> Task prompt
Nothing but the pictures should be dropped; repeat the rest of the data below exactly.

> Data for the task
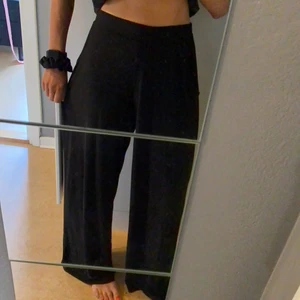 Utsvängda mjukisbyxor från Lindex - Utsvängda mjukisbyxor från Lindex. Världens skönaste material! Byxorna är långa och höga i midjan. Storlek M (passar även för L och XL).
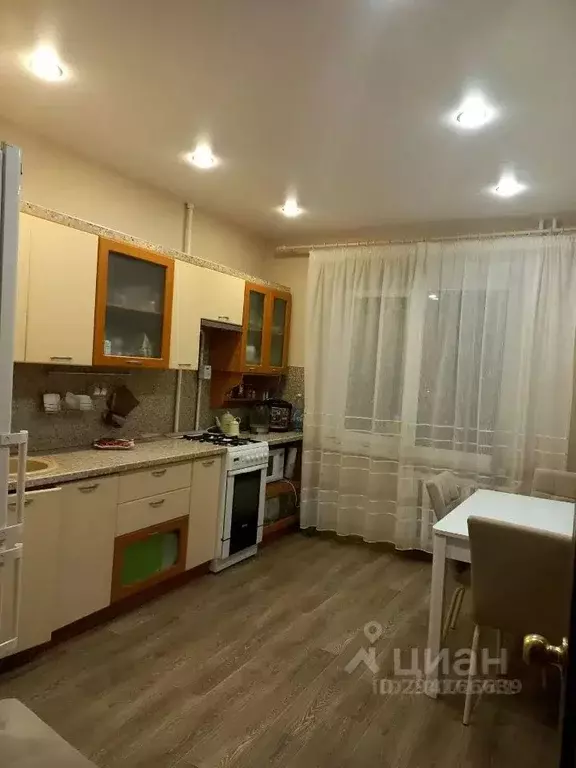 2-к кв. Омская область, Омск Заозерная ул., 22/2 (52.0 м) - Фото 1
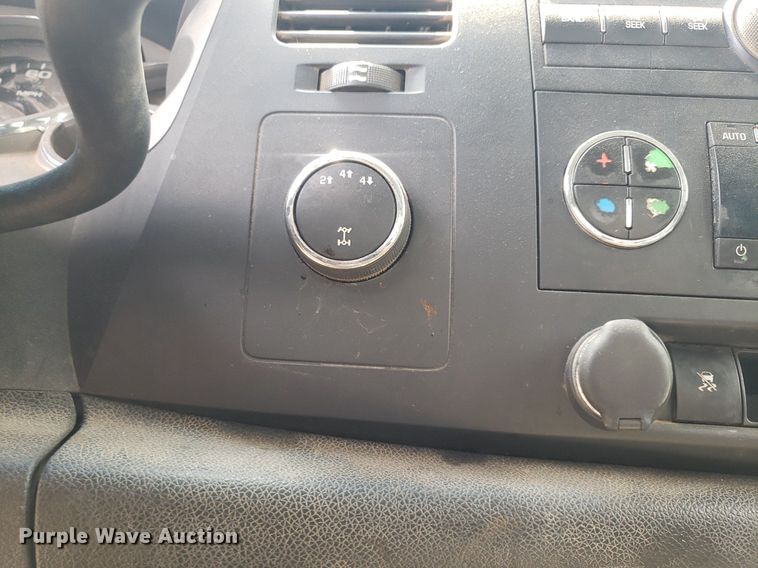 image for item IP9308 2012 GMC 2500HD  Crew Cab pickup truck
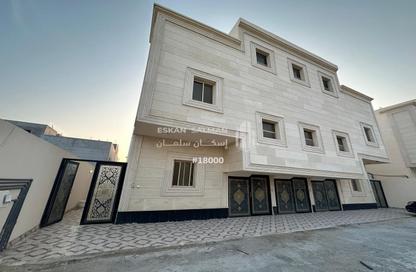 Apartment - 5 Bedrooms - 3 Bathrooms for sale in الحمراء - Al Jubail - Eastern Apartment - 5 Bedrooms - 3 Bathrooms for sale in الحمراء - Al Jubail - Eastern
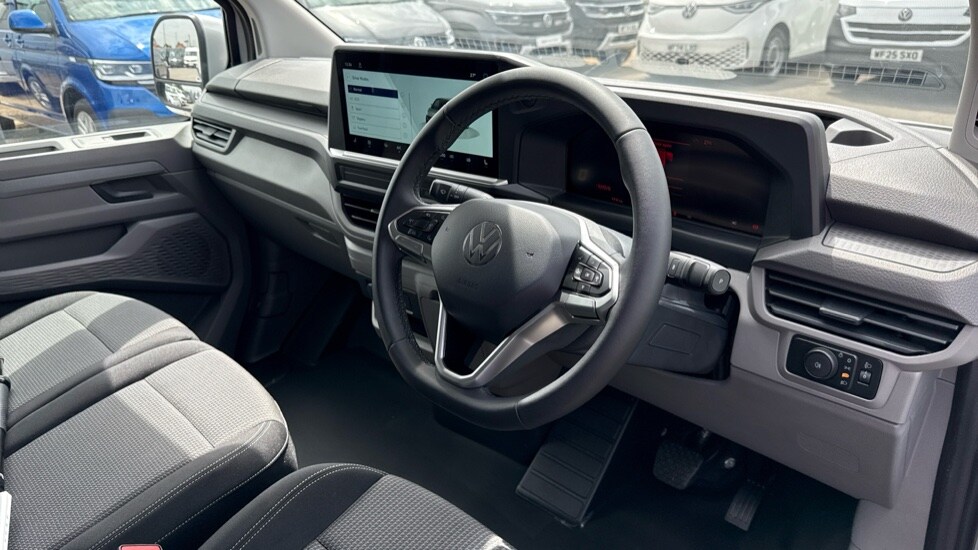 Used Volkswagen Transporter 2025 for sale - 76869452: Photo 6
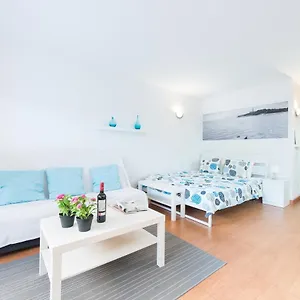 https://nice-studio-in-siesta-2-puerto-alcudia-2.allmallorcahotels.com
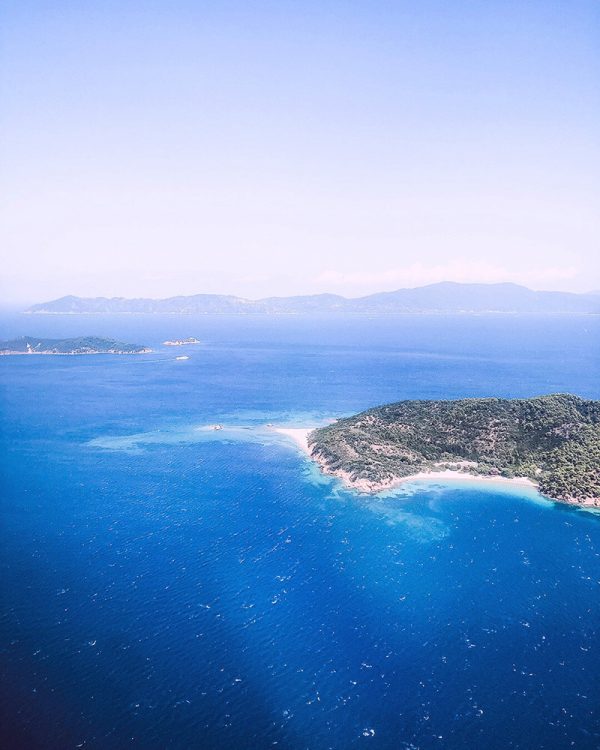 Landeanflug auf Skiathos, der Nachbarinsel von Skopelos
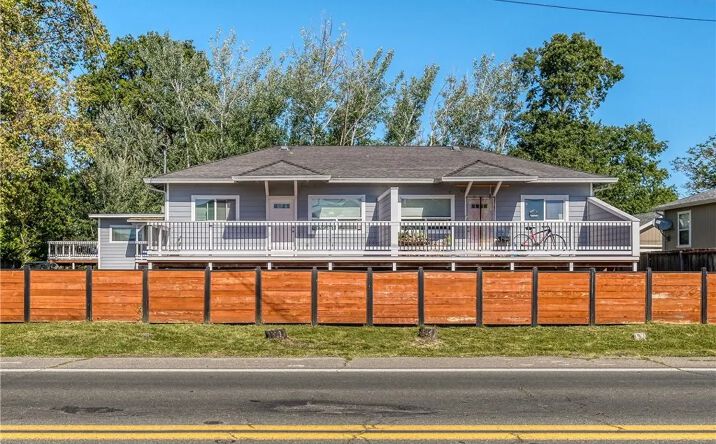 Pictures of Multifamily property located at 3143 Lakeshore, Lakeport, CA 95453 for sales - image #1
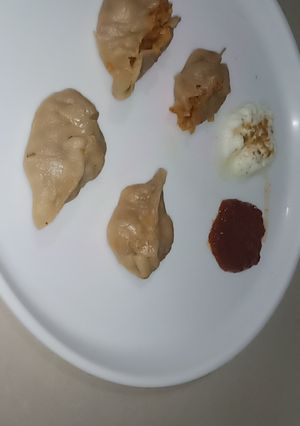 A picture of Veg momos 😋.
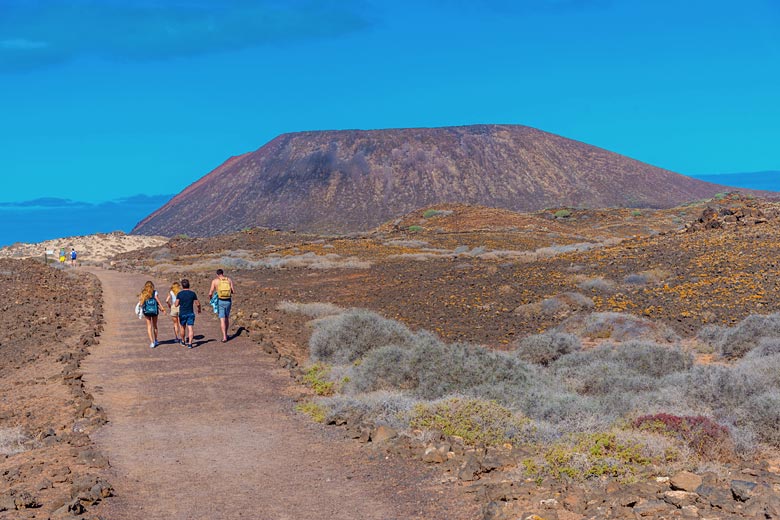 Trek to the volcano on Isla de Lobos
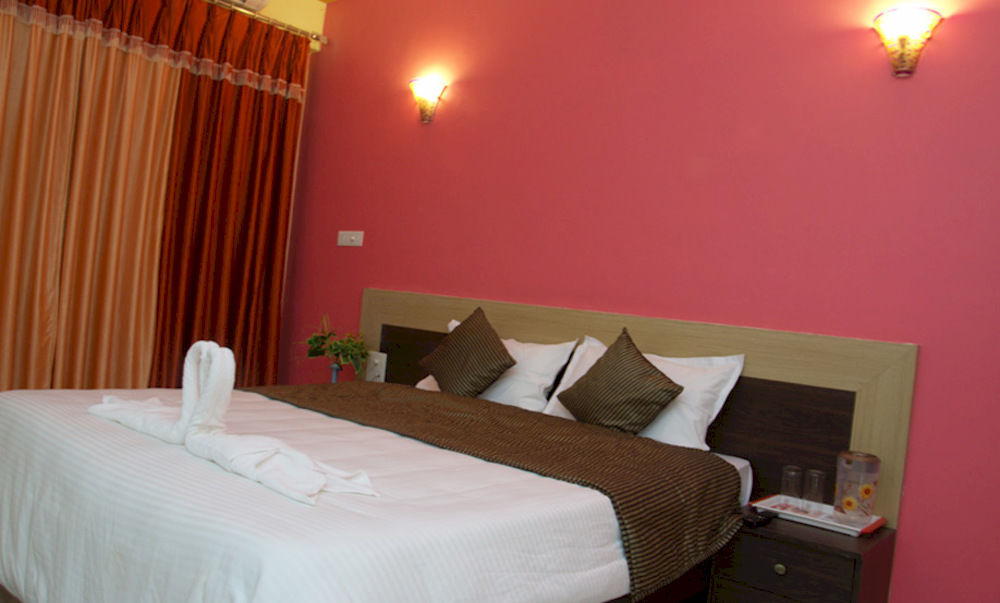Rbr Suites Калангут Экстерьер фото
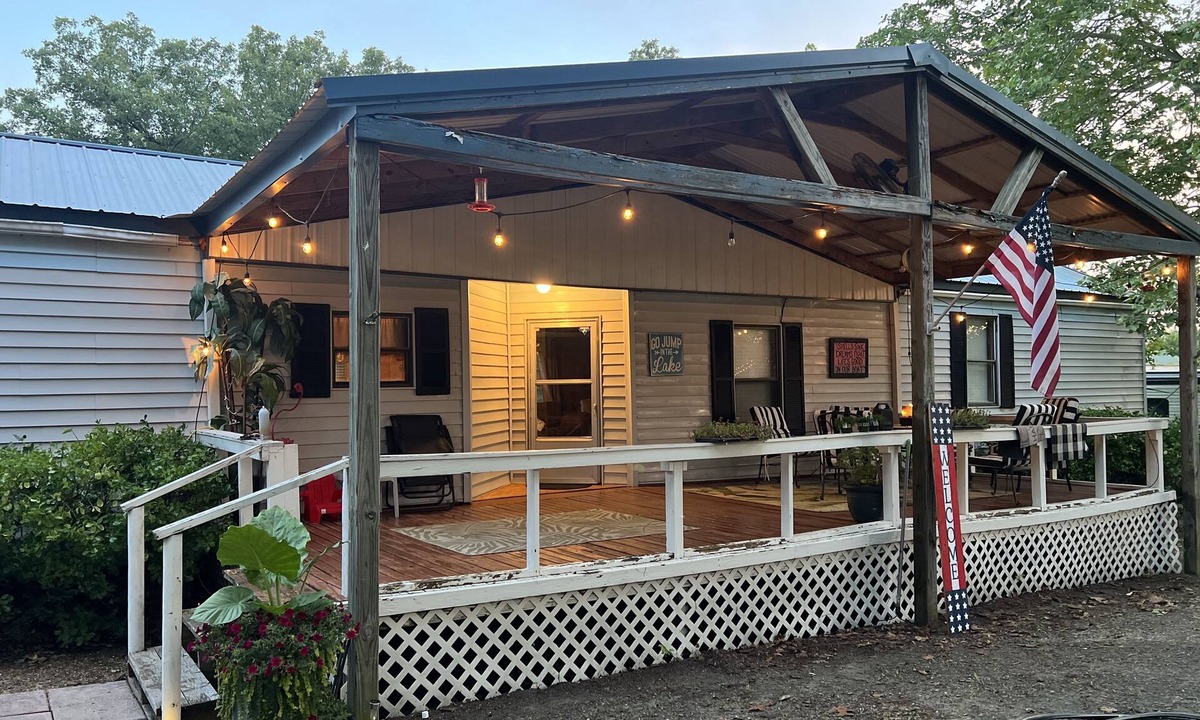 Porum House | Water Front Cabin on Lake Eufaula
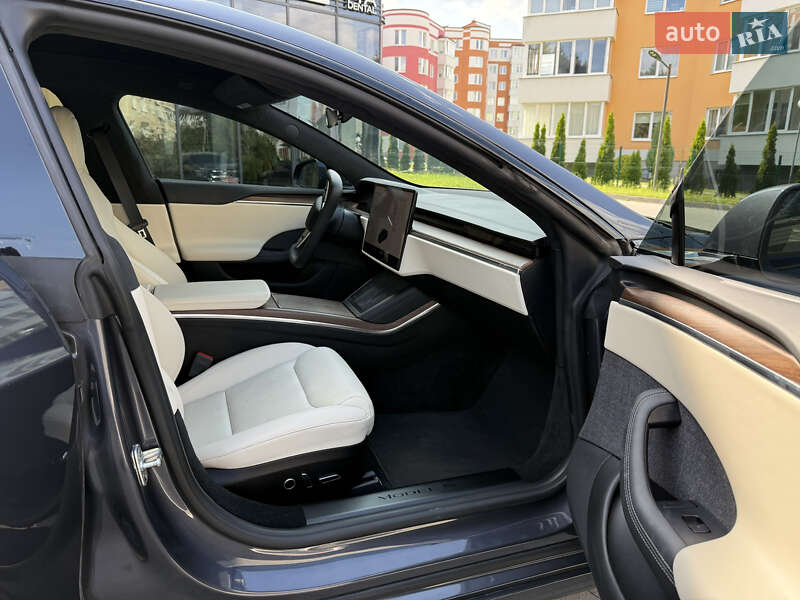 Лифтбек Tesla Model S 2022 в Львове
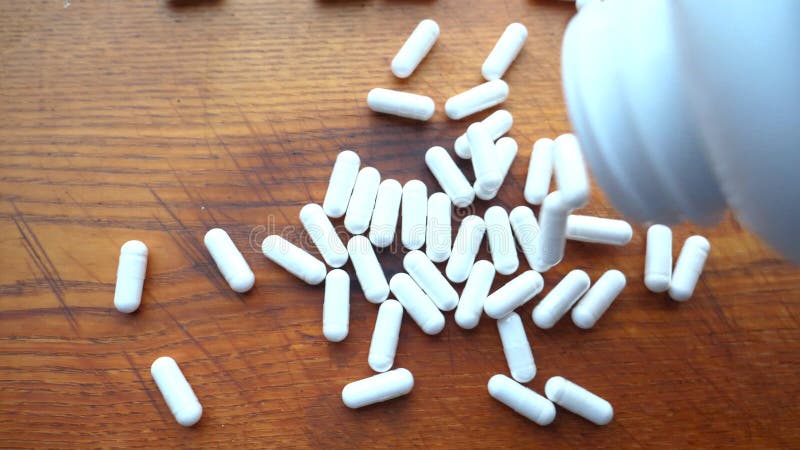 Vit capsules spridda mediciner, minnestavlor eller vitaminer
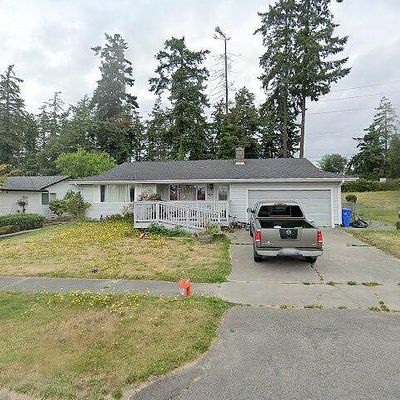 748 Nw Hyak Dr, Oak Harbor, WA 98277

> Solved problem
 Utsvängda mjukisbyxor från Lindex - Utsvängda mjukisbyxor från Lindex. Världens skönaste material! Byxorna är långa och höga i midjan. Storlek M (passar även för L och XL).
 2-к кв. Омская область, Омск Заозерная ул., 22/2 (52.0 м) - Фото 1
 image for item IP9308 2012 GMC 2500HD  Crew Cab pickup truck
 Apartment - 5 Bedrooms - 3 Bathrooms for sale in الحمراء - Al Jubail - Eastern Apartment - 5 Bedrooms - 3 Bathrooms for sale in الحمراء - Al Jubail - Eastern
 Used Volkswagen Transporter 2025 for sale - 76869452: Photo 6
 https://nice-studio-in-siesta-2-puerto-alcudia-2.allmallorcahotels.com
 Landeanflug auf Skiathos, der Nachbarinsel von Skopelos
 Pictures of Multifamily property located at 3143 Lakeshore, Lakeport, CA 95453 for sales - image #1
 A picture of Veg momos 😋.
 Trek to the volcano on Isla de Lobos
Rbr Suites Калангут Экстерьер фото
 Porum House | Water Front Cabin on Lake Eufaula
 Лифтбек Tesla Model S 2022 в Львове
 Vit capsules spridda mediciner, minnestavlor eller vitaminer
 748 Nw Hyak Dr, Oak Harbor, WA 98277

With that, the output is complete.